Harold Wood is a suburban neighbourhood of Romford in the London Borough of Havering.  It is situated  east-northeast of Charing Cross and near to the Greater London boundary with Essex.

History

Toponymy
The name Harold Wood was recorded in about 1237, when it was shown as Horalds Wood. It was named after King Harold Godwinson, who was defeated by William the Conqueror in 1066. He held the surrounding manor of Havering-atte-Bower. Some of the original roads are named after Anglo-Saxon kings such as Æthelstan and Alfred the Great.

Local government
Harold Wood formed a ward in the ancient parish of Hornchurch, although the area now around the station was in the North End ward. The eastern and southern boundary of the parish was the River Ingrebourne such that the area around Harold Court was in the parish of Upminster. Although locally situated within Essex the ancient Hornchurch parish formed the independent Liberty of Havering and was outside county administration. Harold Wood ward came under the control of the vestry of Romford chapelry, which also included Collier Row and Noak Hill, however most of the current area of Harold Wood was in the North End ward which remained under Hornchurch parish vestry. In 1836 Romford and Hornchurch became separate civil parishes and were grouped into the Romford Poor Law Union. The area of the union, excluding the town of Romford, became a rural sanitary district in 1875. The special status of the Liberty of Havering was abolished in 1892 and the area was reincorporated into Essex.

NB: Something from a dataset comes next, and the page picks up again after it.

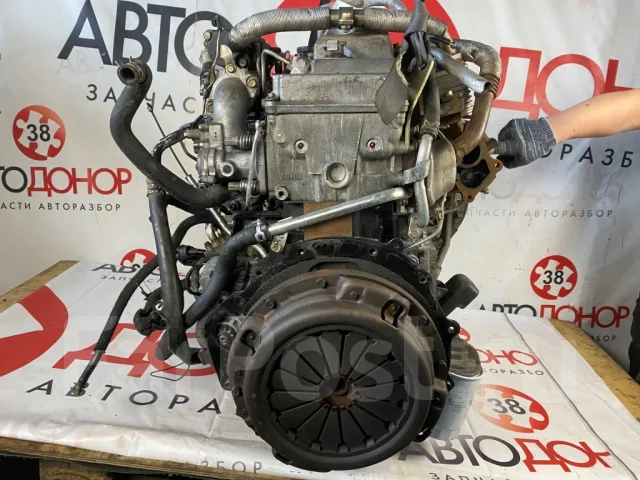 ��� Mitsubishi Pajero, 4M41T [1460A003] ����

Following the Local Government Act 1894, the Romford parish was split with the northern part of the Harold Wood ward becoming a new parish of Noak Hill and the southern part forming part of the Romford Rural parish, both within the Romford Rural District. This split the administration of the area between the Hornchurch, Romford Rural, Noak Hill and Upminster parish councils, and the Romford Rural District Council. In 1900 the Romford Rural parish was recombined with Romford Urban (which consisted of the town of Romford) to form an expanded Romford Urban District. With suburban house building, the population in the area started to rise soon after which prompted changes to the local government system. Hornchurch parish became the Hornchurch Urban District in 1926 and Upminster was added to it in 1934. The area formed part of the London Traffic Area from 1924 and the London Passenger Transport Area from 1933.  The whole area was included in the London Borough of Havering in 1965 when it was transferred from Essex to Greater London.

Urban development

Harold Wood Hospital, on Gubbins Lane, closed on 13 December 2006 with all patients moved to Queen's Hospital in nearby Romford. The site vacated by the hospital was earmarked for a 470-home housing development which faced fierce opposition from the local population. As of February 2023, the Kings Park estate has been completed.

Education

There are three schools in Harold Wood:
 Secondary - Redden Court School
 Primary - Harold Wood Primary School and Harold Court Primary School

Geography

Harold Wood borders with the following places:

 Ardleigh Green
 Gidea Park
 Harold Park
 Harold Hill
 Hornchurch
 Brentwood

Demography
86% of the population is White British, as of the 2011 census.

Transport

Buses
Harold Wood is served by several London Bus routes:

 Daily routes include 256, 294, 496, 497, 498 and 499
 Mon–Sat 347
 School routes 646, 656 and 608

Railway
Harold Wood railway station is situated on the Great Eastern Main Line and the Elizabeth line. It is served generally by eight trains an hour each way between London Paddington and Shenfield on the Elizabeth line; services are operated by TfL. As of February 2023, trains run from Shenfield to Paddington via Whitechapel, London Liverpool Street, Farringdon and  Tottenham Court Road.
The nearest tube stations to Harold Wood are Upminster Bridge and Hornchurch, both on the District line.

Roads
The M25 motorway runs along the easterly boundary and the A12 and A127 roads form the north-west and south-west borders respectively.